No absolute or extreme security required

“All too often, such data is not protected by copyright and is rarely protected by patents,” explains legal expert Rehaag. “A customer list is not something that has a level of creation. It also does not offer any technical solution.” Nevertheless, such information is important and valuable in view of the billion-euro data economy. “But only if they are kept secret,” emphasizes Rehaag.

The rulings made on the Trade Secrets Act now specify what protective measures are needed to turn information into secrets. The higher regional courts (OLG) Düsseldorf and Hamm have made it clear that the entrepreneur does not have to create optimal protection with absolute or extreme security for his confidential information. Thus, the cost of protection need not exceed the value of the secret.

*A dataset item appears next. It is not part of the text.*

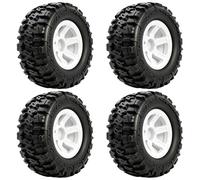 Accesorio Modelos RC para Traxxas para E-revo para Mjx para Wltoys 1/14 1/16 RC Coche Camión Mejora Piezas 12Mm Caucho Hexagonal Neumáticos Todoterreno Llantas Ruedas Conjunto(White)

Conversely, it cannot be sufficient to ensure appropriateness if the entrepreneur only takes a minimum of protective precautions – for example to avoid high costs and a high organizational effort (Az. 1-15 U 6/20 and Az. 4 U 177/19 ).

The OLG Stuttgart decided: As a minimum standard, relevant information may only be entrusted to persons who (potentially) need the information to carry out their task and who are bound to secrecy (Az. 2 U 575/19).

Overall, an appropriate level of protection cannot be assumed if the owner of the secret accepts a “data leak”, i.e. allows employees to save files on private data carriers without password protection or if paper documents are not secured against access by unauthorized persons.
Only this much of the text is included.